REVIEW JURNAL 1 (TAHUN 2023)
Nama Reviewer : Erwin Aditya Putra (4467/15)
Nama Dosen Pembimbing : Markus Marselinus Soge.,S.H.,M.H.
Judul : Perkembangan Sistem Peradilan Pidana Di Indonesia
Nama Penulis Artikel : Gani Hamaminata
Nama Jurnal,Penerbit,Tahun Terbit : JHPIS (Jurnal Hukum, Politik dan Ilmu Sosial),Politeknik Pratama,Tahun 2023
Link Artikel Jurnal : https://ejurnal.politeknikpratama.ac.id/index.php/jhpis/article/view/2334/2256
Pendahuluan/Latar Belakang :
Secara historis sebelum lahirnya pendekatan sistem, dikenal apa yang disebut sebagai pendekatan hukum dan ketertiban atau "law and order approach" yang bertumpu pada asas legalitas. Namun pendekatan hukum dan ketertiban ini dalam praktek ternyata menimbulkan penafsiran  ganda  bagi  petugas  kepolisian,  yaitu  di  satu  sisi  penggunaan  hukum  sebagai instrumen  ketertiban  dimana  hukum  pidana  berisikan  perangkat  hukum  untuk  memelihara ketertiban  dalam  masyarakat  dan  penggunaan  hukum  pidana  sebagai  pembatas  bagi  aparat penegak  hukum  dalam  melaksanakan  tugasnya,  dengan  kata  lain  hukum  pidana  bertugas melindungi kemerdekaan individu dalam kerangka suatu sistem ketertiban masyarakat.

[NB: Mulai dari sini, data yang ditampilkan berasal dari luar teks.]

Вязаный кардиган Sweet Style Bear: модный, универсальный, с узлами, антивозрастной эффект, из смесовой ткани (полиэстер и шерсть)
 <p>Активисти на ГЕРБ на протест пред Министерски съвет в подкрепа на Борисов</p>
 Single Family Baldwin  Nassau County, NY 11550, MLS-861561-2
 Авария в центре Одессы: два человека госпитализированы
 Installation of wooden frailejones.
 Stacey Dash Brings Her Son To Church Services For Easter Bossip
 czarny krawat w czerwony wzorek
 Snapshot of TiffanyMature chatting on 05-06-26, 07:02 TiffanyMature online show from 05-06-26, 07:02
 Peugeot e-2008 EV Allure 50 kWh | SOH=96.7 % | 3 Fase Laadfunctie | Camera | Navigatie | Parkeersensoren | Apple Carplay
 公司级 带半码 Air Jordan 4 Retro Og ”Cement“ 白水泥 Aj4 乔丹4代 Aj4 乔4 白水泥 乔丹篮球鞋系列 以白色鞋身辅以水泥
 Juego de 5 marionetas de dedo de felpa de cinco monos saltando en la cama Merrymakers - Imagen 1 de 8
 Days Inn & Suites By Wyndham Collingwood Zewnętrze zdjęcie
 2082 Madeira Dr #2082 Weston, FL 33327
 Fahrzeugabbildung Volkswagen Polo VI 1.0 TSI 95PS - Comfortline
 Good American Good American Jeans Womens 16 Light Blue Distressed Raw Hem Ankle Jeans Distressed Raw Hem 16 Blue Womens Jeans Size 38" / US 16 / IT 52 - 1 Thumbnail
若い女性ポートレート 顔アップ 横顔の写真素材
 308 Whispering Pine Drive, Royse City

Bagi Indonesia, Undang-undang No. 8 Tahun 1981 tentang Hukum Acara Pidana atau yang dikenal sebagai Kitab Undang-Undang Hukum Acara Pidana dapat dikatakan merupakan Criminal  Justice  System  Model,  yang  menjadi  dasar  hukum  utama  dalam  penyelenggaraan peradilan pidana secara terpadu Sistem  peradilan  pidana  yang  digariskan  dalam  KUHAP  merupakan  sistem  terpadu (integrated  criminal  justice  system)  yang  diletakan  di  atas  landasan  prinsip  diferensiasi fungsional  antara  aparat  penegak  hukum  sesuai  dengan  tahap  proses  kewenangan  yang diberikan   undang-undang   kepada   masing-masing,   untuk   menegakan, melaksanakan (menjalankan), dan memutuskan hukum pidana.
Konsep/ Teori dan Tujuan Penelitian   :
Criminal justice system merupakan mekanisme administrasi peradilan pidana dan peradilan pidana sebagai suatu sistem merupakan hasil interaksi antara peraturan perundang-undangan, praktik administrasi dan sikap atau tingkah laku sosial. Menurut mardjono dalam artikel ini bahwa yang dimaksud sistem peradilan pidana adalah sistem pengendalian kejahatan yang terdiri dari lembaga kepolisian, kejaksaan, pengadilan dan pemasyarakatan. Undang-undang No. 8 Tahun 1981 tentang Hukum Acara Pidana atau yang dikenal sebagai Kitab Undang-Undang Hukum Acara Pidana dapat dikatakan merupakan Criminal  Justice  System  Model.
Yang  menjadi  dasar  hukum  utama  dalam  penyelenggaraan peradilan pidana secara terpadu Sistem  peradilan  pidana  yang  digariskan  dalam  KUHAP  merupakan  sistem  terpadu (integrated  criminal  justice  system)  yang  diletakan  di  atas  landasan  prinsip  diferensiasi fungsional  antara  aparat  penegak  hukum  sesuai  dengan  tahap  proses  kewenangan  yang diberikan   undang-undang kepada   masing-masing,   untuk   menegakan,   melaksanakan (menjalankan), dan memutuskan hukum pidana. Dilakukannya penelitian ini ditujukan untuk mengetahui perkembangan sistem peradilan pidana di Indonesia dari zaman kolonial belanda hingga kondisi saat ini.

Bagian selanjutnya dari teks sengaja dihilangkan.